═════ Listed records

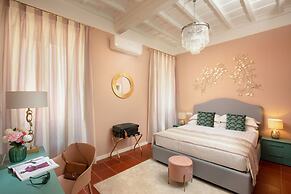 Belsiana House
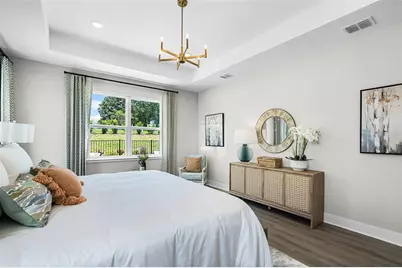 724 Mystic Gardens Drive, Apopka, FL 32703 - Photo 14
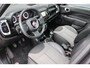 Fiat 500L 1.4-T-Jet Lounge Panoramadak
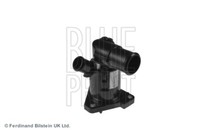 Blue Print Thermostat FüR Toyota Auris,Corolla,Iq,Urban,Verso S,Yaris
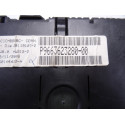 9663623280 CUADRO INSTRUMENTOS CITROEN C4 PICASSO SX 2007 9663623280 209436 CITROEN - 2
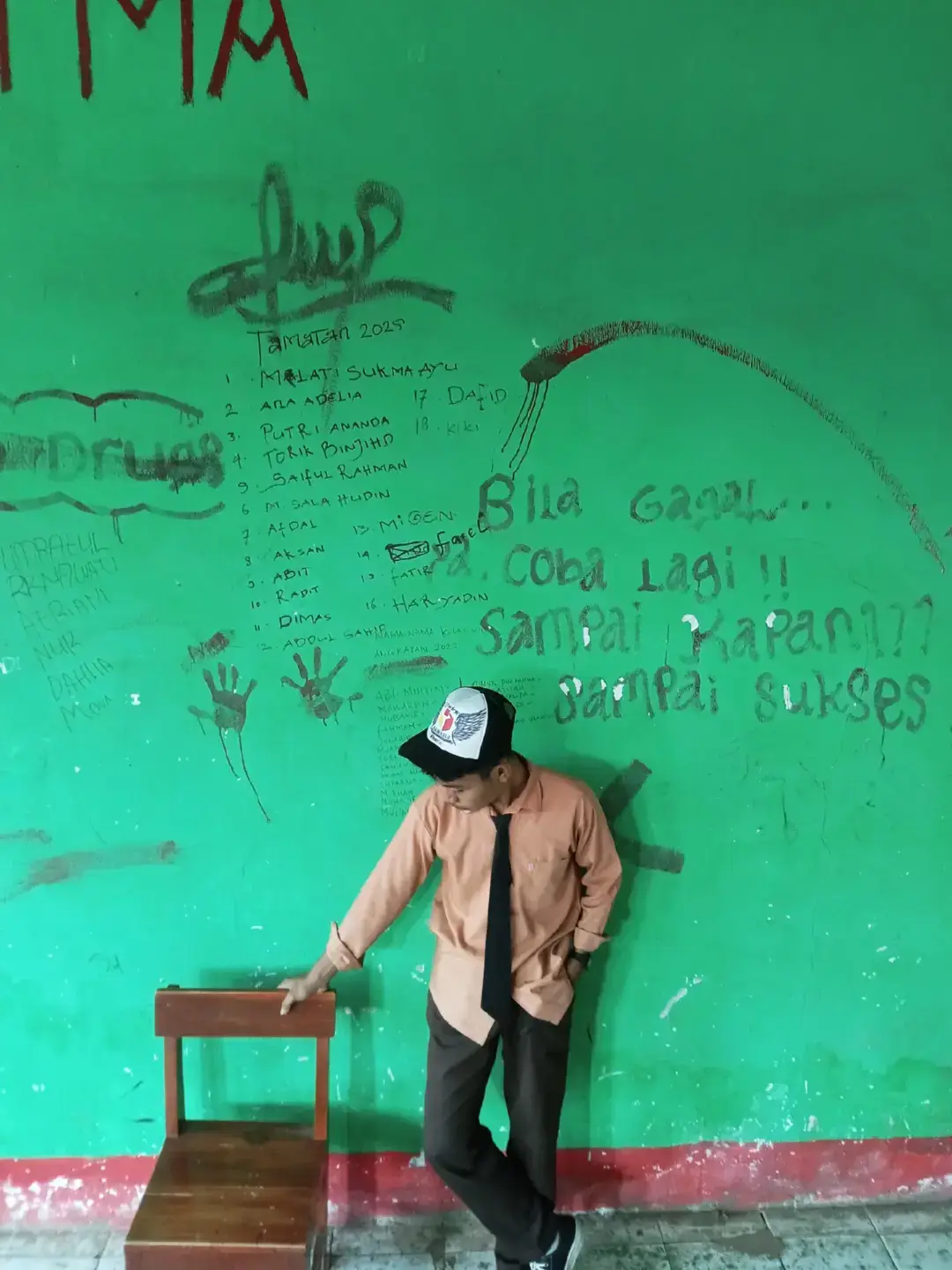 #daevinkmuariee😅🤘 #fypdongggggggg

══════════

> [What you will do]: Print only the lines from the one with "724 Mystic Gardens" through the last line of the data above, exactly and with both ends, and please omit any pictures.

> [Response to this exercise]:
 724 Mystic Gardens Drive, Apopka, FL 32703 - Photo 14
 Fiat 500L 1.4-T-Jet Lounge Panoramadak
 Blue Print Thermostat FüR Toyota Auris,Corolla,Iq,Urban,Verso S,Yaris
 9663623280 CUADRO INSTRUMENTOS CITROEN C4 PICASSO SX 2007 9663623280 209436 CITROEN - 2
 #daevinkmuariee😅🤘 #fypdongggggggg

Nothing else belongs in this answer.